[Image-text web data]
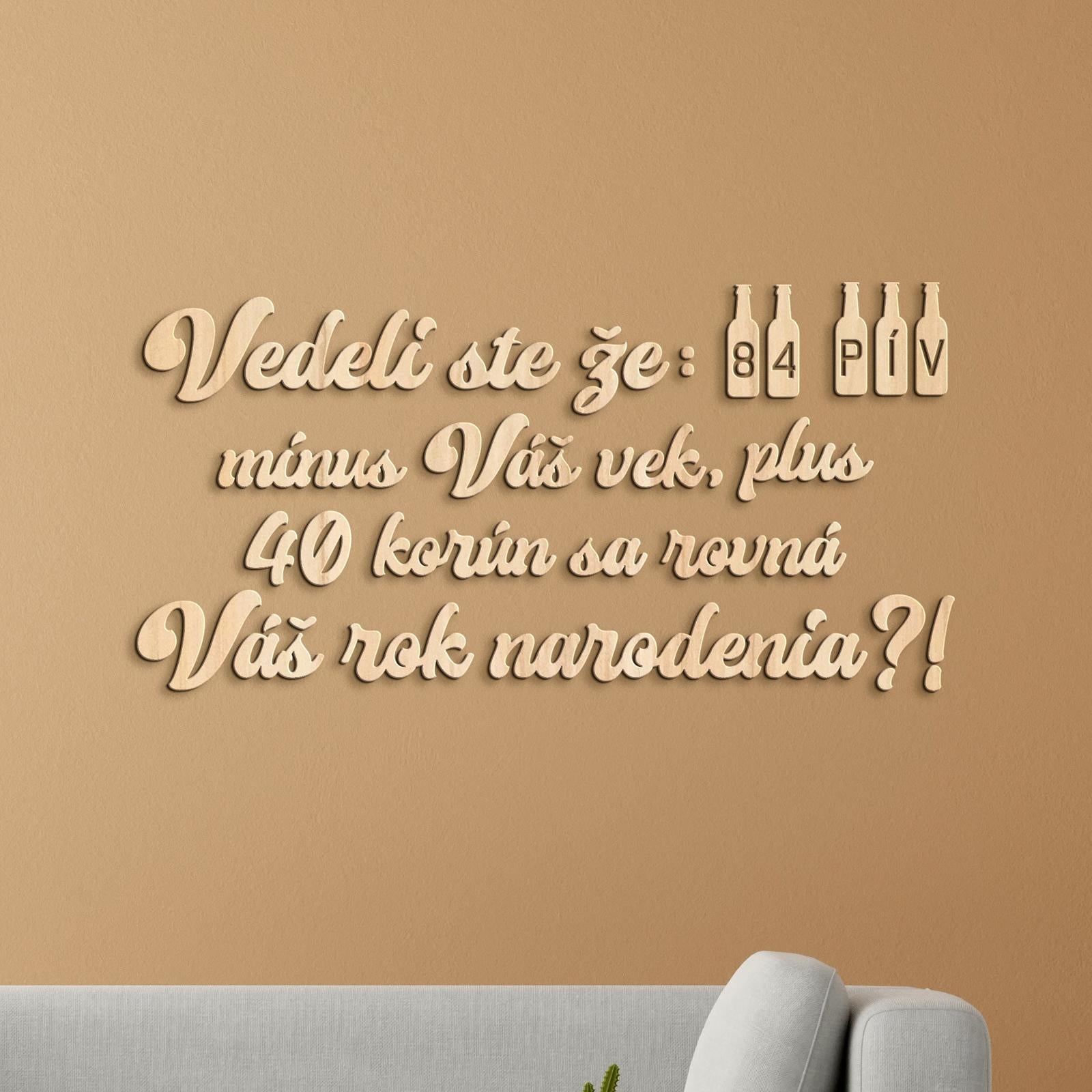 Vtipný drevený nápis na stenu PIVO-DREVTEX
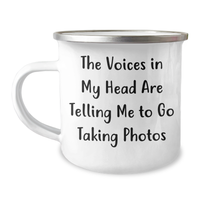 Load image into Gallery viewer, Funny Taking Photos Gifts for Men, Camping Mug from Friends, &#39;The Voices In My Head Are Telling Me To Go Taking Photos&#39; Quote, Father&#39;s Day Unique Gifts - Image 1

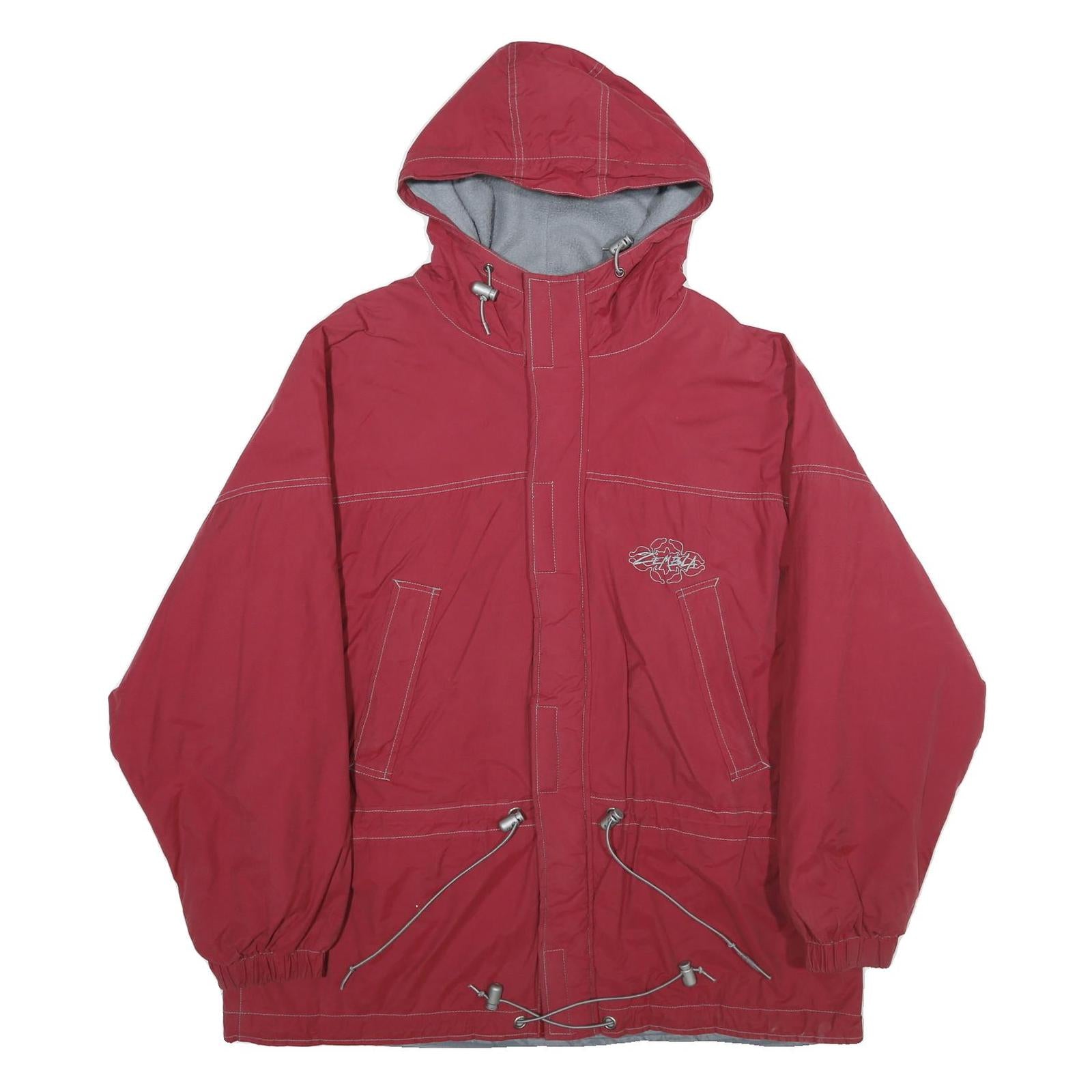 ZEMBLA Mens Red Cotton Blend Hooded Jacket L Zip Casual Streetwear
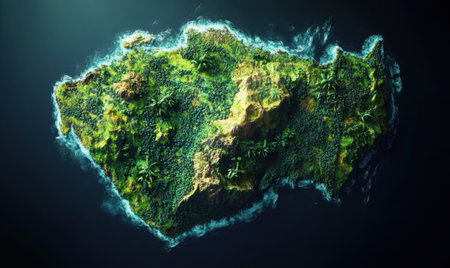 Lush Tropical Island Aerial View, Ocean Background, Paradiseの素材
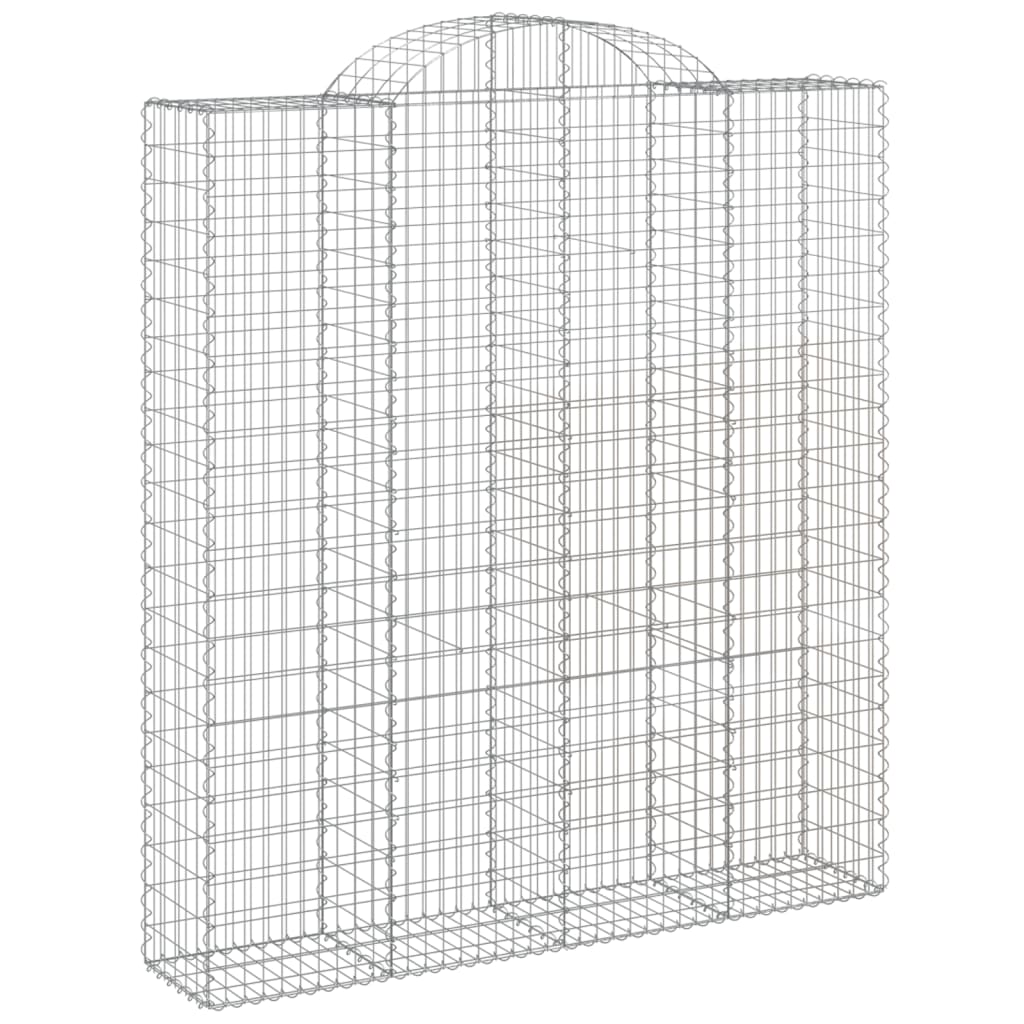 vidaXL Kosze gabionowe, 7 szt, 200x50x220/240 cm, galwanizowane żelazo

### Task directions
Your reply should hold only the lines from the one that contains "Load image into" through the last line of the records above, exact and complete, and no pictures.

### Output
 Load image into Gallery viewer, Funny Taking Photos Gifts for Men, Camping Mug from Friends, &#39;The Voices In My Head Are Telling Me To Go Taking Photos&#39; Quote, Father&#39;s Day Unique Gifts - Image 1

 ZEMBLA Mens Red Cotton Blend Hooded Jacket L Zip Casual Streetwear
 Lush Tropical Island Aerial View, Ocean Background, Paradiseの素材
 vidaXL Kosze gabionowe, 7 szt, 200x50x220/240 cm, galwanizowane żelazo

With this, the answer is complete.